676577Endless repetition of the claim that the UK’s plan to abrogate the Northern Irish Protocol “breaches international law”, as if the UK were some kind of rogue state, does not make it true. Article 16 of the Protocol specifies that, should the agreement lead to “serious economic, societal …harms or to a diversion of trade, [parties] may unilaterally take appropriate measures.” This is what the Government is now seeking to do via legislation.

The standards for invoking this provision are ones of seriousness and appropriateness. These concepts are not unique in international law – they are found in the World Trade Organisation (WTO’s) Agreement on Safeguards. Safeguards are designed to cushion severe shocks resulting from free trade agreements and are widely viewed as a necessity given difficulties some countries experience adapting to new trading relationships.

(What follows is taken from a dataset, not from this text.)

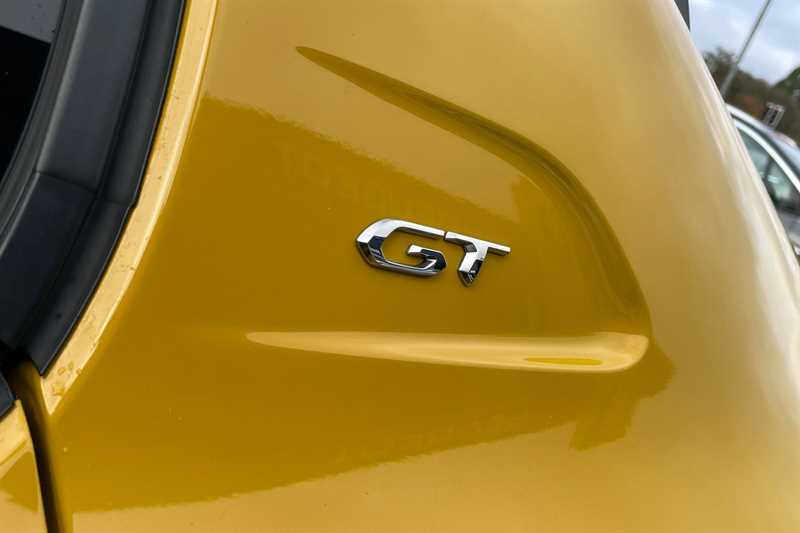 Used Peugeot 208 2022 for sale - 76826929: Photo 31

There is no question that the developments that have occurred since the Protocol was signed are serious – a near total collapse of trade between Great Britain and Northern Ireland as a consequence of the EU’s egregious customs checks on goods. The ensuing implications for the integrity of the Union as well as the UK’s economic welfare are indeed a cause for concern.

The EU’s unreasonableness with respect to checks of goods is tantamount to a blockade in the Irish Sea. It is as good an example of bad faith in the implementation of an agreement as one might imagine. Something close to one fifth of all documentary checks conducted by EU customs relate to the Irish border – a shocking figure given that these shipments account for far less than 1 per cent of EU trade. It is hard to resist the conclusion that the morass of paperwork was purposefully inflicted upon the UK as some kind of punishment.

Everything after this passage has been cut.